Looked at from one perspective, Sunday was the biggest comeback victory in team history. As you know, the Vikings trailed 24-10 until Adrian Peterson's touchdown run narrowed the gap with 3 minutes, 34 seconds remaining. According to the Elias Sports Bureau, it was the first time the Vikings had won a game after trailing by 14 or more points with less than four minutes to play. It's been seven years since anyone in the NFL has accomplished that feat. The last time it happened was in 2003, when the Indianapolis Colts rallied for a 38-35 victory over the Tampa Bay Buccaneers.

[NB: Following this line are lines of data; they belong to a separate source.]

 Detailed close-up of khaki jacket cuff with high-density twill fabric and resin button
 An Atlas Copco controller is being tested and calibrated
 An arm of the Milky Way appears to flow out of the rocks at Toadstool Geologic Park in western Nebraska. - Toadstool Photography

As ESPN's Chris Mortensen and others have reported, there was a possibility that coach Brad Childress could be fired this week even if he won Sunday. Based on owner Zygi Wilf's giddy demeanor after the game, we can only assume Childress' job is safe for now. Eventually, the focus of this issue will shift from Childress to Wilf. I think we all have a pretty good idea of who Childress is and what kind of coach he will be. Now we turn to Wilf to see how he will navigate what to this point has been a disappointing season. It would be difficult to fire a coach after a victory as rousing as Sunday's, but soon Wilf will reach a point of no return. If the Vikings don't catch up soon with the Green Bay Packers and Chicago Bears, it's not going to matter who their coach is.

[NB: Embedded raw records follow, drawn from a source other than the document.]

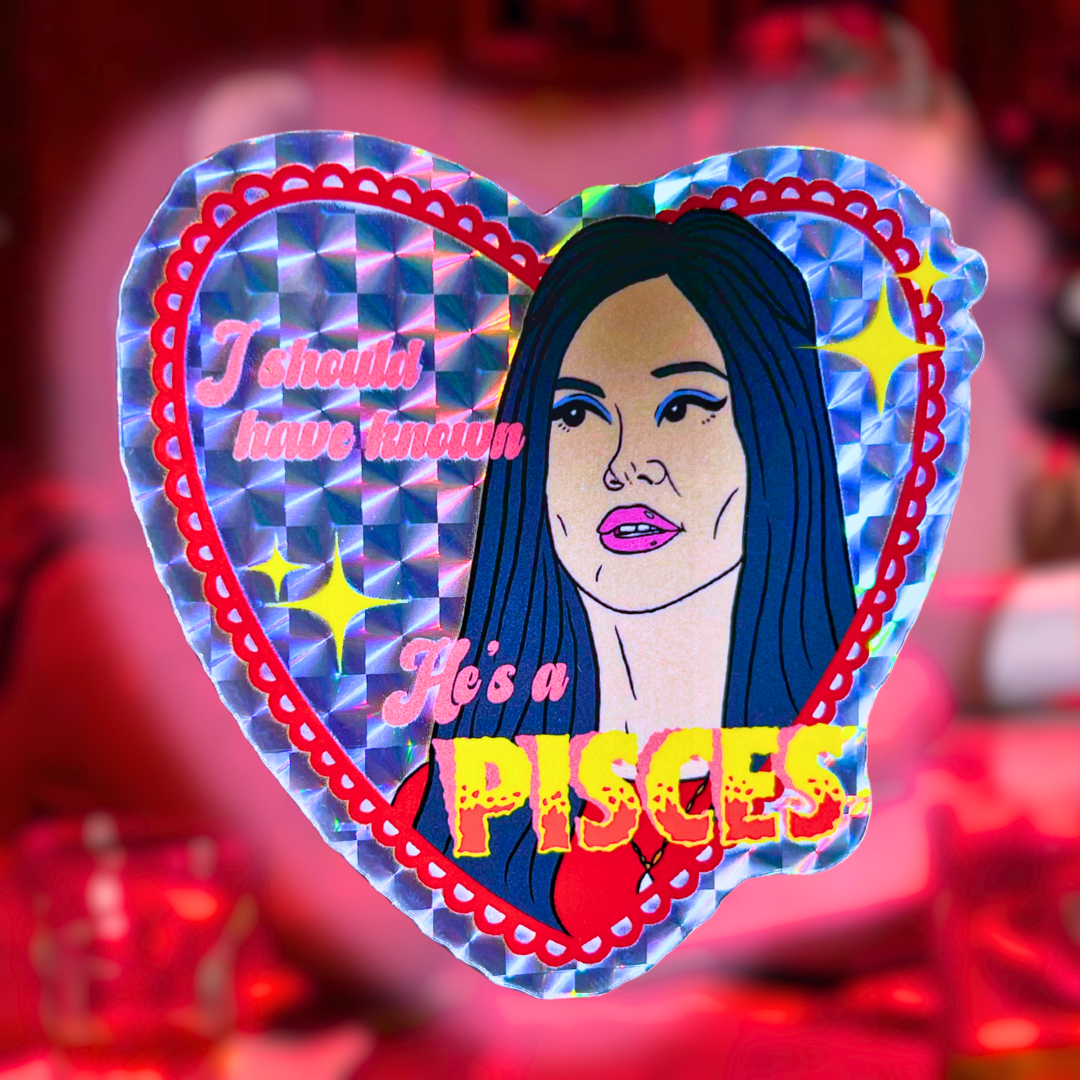 Heart-shaped holographic sticker with Elaine from The Love Witch's face and text 'I should have known He's a Pisces' on a blurred background.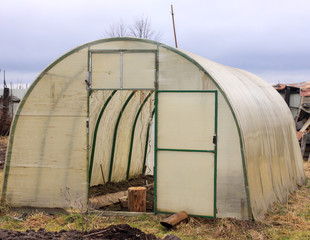 greenhouse made of polypropylene in the garden. early spring.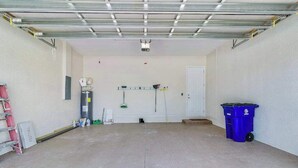 Eine Garage mit Betonboden, einer weißen Tür, einem blauen Mülleimer und einer Leiter.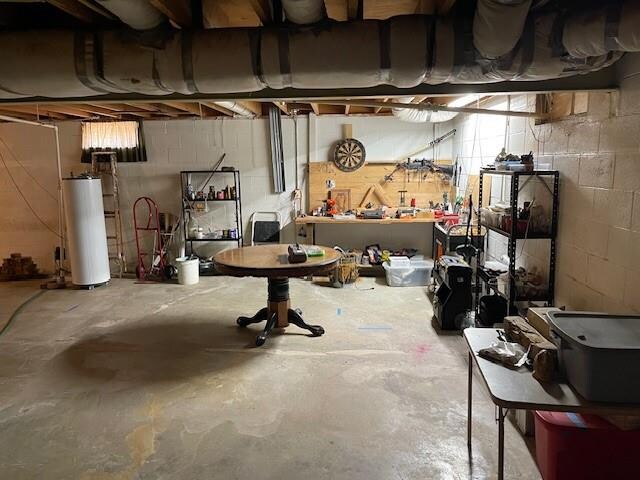 basement featuring a workshop area and water heater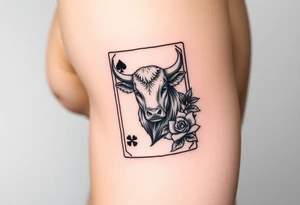A king play card with a small highland cow face on it and a small 4 leaf clover surrounded by roses tattoo idea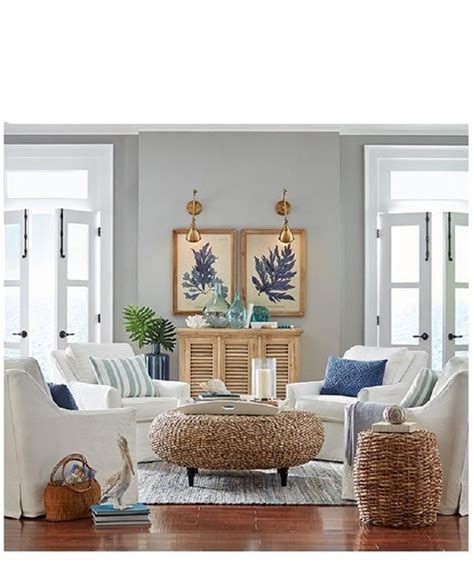 A beachy living room with a gorgeous artwork, light blue chairs, a cork table and a rug. Best 34 Cheap Coastal Living Room Furniture Ideas | Coastal living rooms, Home living room ...
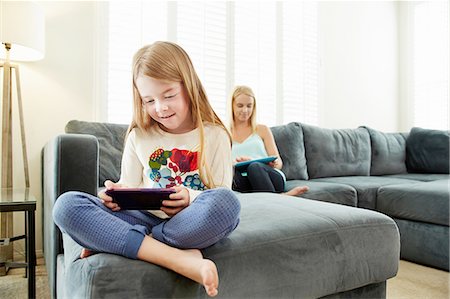 simsearch:649-07280729,k - Mother and daughter using digital tablet on sofa in living room Stock Photo - Premium Royalty-Free, Code: 614-08307980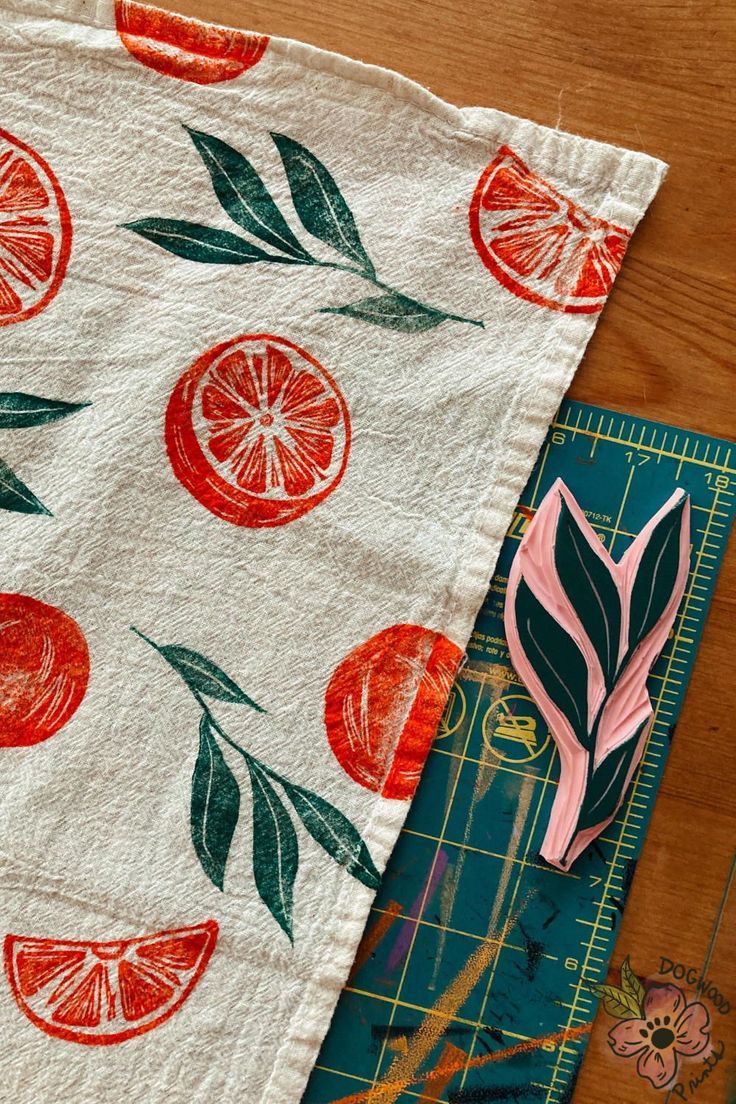 a piece of fabric with oranges and leaves on it next to a cutting board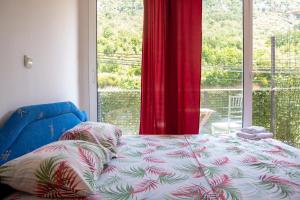 a bedroom with a bed and a large window at Family Apartments Vukcevic in Čanj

I understand why people around the country misunderstood Childress' joke in response to a serious question about his job security. To review, I asked Childress if Wilf had assured him he would be the coach for the rest of the season. "No," Childress said. I then asked if he needed that assurance. "I'm not going to sit here like Brett Favre and tell you I need compassion, I need a hug," Childress said. "I'm all right." The answer drew a chuckle from the local media, most of whom realized it was a reference to an answer Favre had given last week when asked if Childress was a compassionate coach. "Is he a compassionate coach?" Favre said, smiling. "Like give us a hug or something like that? I sure could use one, too. He hasn't given me one, no. He's OK." But Childress wasn't speaking Sunday to a small group of people. His postgame news conference had national interest, and it's understandable that Childress' sarcasm would raise some eyebrows for those who didn't know the background and weren't expecting dark humor in that situation. Childress has taken some public swipes at Favre, but this wasn't one of them.

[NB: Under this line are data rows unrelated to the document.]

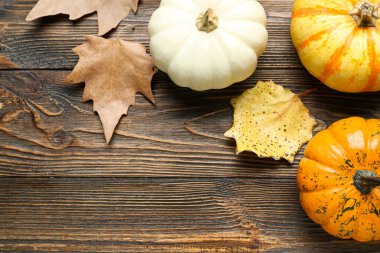 Cadılar Bayramı balkabaklarıyla ve ahşap arka planda sonbahar yapraklarıyla kompozisyon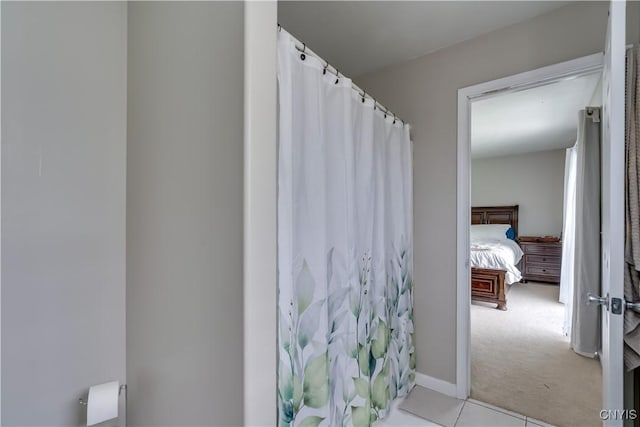 30656 Nys Route 37, Le Ray, NY 13637 - bathroom with a shower with shower curtain, ensuite bath, and tile patterned flooring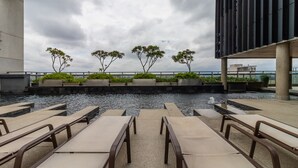 Een terras op het dak met lounge stoelen, een waterpartij en plantenbakken met groen.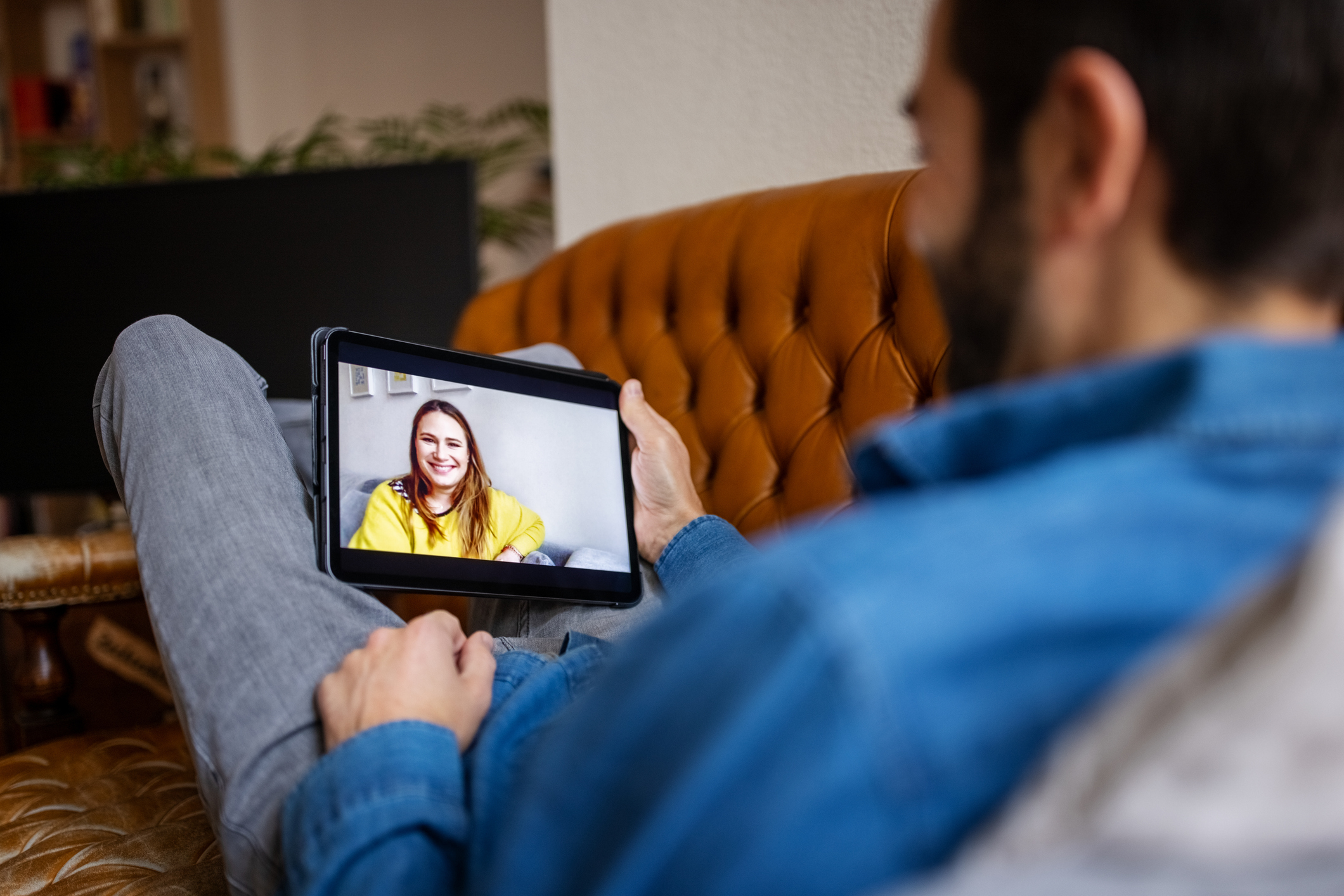 A person is reclining on a couch, holding a tablet showing a video call with a smiling woman wearing a casual top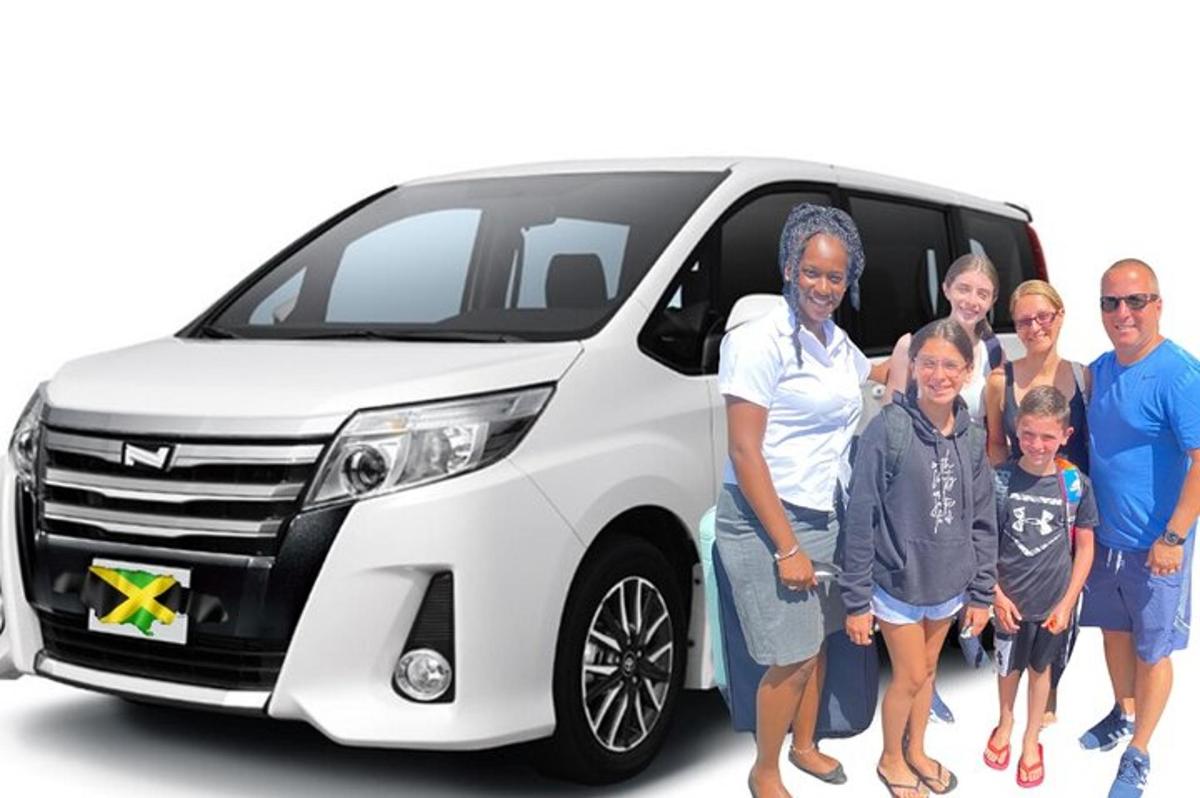 a group of people standing in front of a van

And here's one issue I don't get:
I don't have an explanation for why Sunday was only the second 400-yard game in Favre's career. He surpassed that milestone only one other time, in a 1993 loss to the Bears. Favre has thrown for more yards than any other NFL quarterback, but to have done so without throwing more often for 400 yards is pretty interesting. It mostly speaks to Favre's longevity, but it also is a reflection of how relatively meaningless 400-yard games can be. A first ballot Hall of Famer, Favre became the 74th NFL player to throw for 400 yards in victory.